Assignment: In the data below, work out how many lines include the string "quantità". Only the number should be given.

==== The records ====

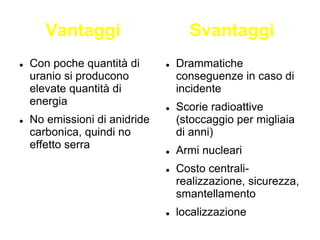 Vantaggi Svantaggi
 Con poche quantità di
uranio si producono
elevate quantità di
energia
 No emissioni di anidride
carbonica, quindi no
effetto serra
 Drammatiche
conseguenze in caso di
incidente
 Scorie radioattive
(stoccaggio per migliaia
di anni)
 Armi nucleari
 Costo centrali-
realizzazione, sicurezza,
smantellamento
 localizzazione
 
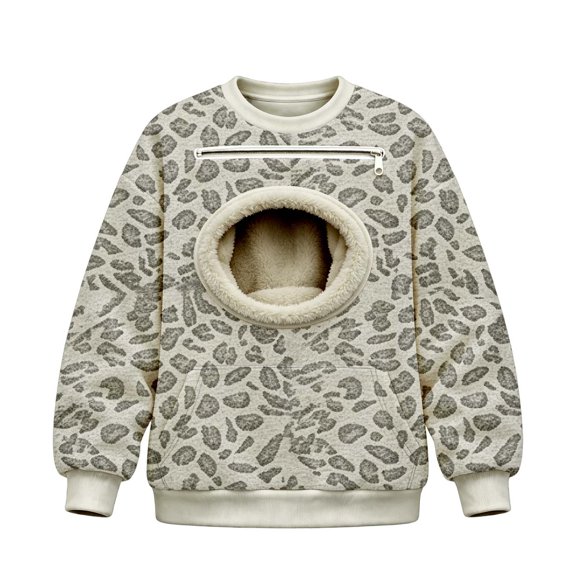CAIVO Leopard Print Men Women Unisex Pet Pouch Hoodie Cat Sweatshirt with Zipper Pouch Pocket for Dogs Long Sleeve Tops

====

Solution to this task: 2